- **ASSIGNMENT**
Supply the number of lines below containing "chair", nothing else.

- **DATA EXCERPTS**

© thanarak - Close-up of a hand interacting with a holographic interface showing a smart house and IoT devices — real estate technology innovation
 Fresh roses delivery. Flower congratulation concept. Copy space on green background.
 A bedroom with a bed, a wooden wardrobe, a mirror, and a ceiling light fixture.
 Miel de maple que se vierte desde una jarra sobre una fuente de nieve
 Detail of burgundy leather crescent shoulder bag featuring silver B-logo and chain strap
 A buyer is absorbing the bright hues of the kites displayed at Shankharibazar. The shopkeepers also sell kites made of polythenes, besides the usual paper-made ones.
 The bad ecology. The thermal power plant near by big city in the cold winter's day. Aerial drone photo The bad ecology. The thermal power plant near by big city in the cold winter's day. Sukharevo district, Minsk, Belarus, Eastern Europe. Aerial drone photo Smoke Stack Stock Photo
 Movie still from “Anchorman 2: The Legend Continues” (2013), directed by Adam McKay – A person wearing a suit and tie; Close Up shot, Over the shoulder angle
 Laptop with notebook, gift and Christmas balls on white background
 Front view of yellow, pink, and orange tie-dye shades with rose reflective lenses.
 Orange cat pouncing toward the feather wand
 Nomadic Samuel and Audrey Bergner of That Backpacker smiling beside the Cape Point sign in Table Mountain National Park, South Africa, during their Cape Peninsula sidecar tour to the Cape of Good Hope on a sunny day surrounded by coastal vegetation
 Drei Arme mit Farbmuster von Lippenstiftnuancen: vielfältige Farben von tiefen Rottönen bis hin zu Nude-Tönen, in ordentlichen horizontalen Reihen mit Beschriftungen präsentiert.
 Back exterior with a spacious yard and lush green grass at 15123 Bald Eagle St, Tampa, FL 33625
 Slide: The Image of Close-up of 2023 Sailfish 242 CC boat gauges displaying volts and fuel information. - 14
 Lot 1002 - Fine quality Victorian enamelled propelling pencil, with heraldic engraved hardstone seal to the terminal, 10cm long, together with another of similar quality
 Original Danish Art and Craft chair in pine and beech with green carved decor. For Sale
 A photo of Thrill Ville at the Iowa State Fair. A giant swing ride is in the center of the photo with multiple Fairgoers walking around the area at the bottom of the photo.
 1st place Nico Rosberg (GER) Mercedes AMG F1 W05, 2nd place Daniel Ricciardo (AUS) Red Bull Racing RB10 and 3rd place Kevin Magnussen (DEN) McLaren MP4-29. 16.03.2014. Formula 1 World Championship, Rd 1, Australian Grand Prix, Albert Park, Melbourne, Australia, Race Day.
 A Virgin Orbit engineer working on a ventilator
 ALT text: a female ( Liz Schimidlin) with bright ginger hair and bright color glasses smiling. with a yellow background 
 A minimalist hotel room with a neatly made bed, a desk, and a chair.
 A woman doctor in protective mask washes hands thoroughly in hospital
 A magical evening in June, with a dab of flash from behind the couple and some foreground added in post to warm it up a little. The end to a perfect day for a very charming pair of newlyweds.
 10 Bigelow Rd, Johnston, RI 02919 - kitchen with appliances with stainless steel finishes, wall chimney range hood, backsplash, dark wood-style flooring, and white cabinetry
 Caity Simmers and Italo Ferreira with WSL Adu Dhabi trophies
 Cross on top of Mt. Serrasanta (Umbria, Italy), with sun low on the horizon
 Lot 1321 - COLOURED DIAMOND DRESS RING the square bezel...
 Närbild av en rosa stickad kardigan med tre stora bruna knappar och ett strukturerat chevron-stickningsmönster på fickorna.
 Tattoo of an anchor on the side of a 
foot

- **RESPONSE**
2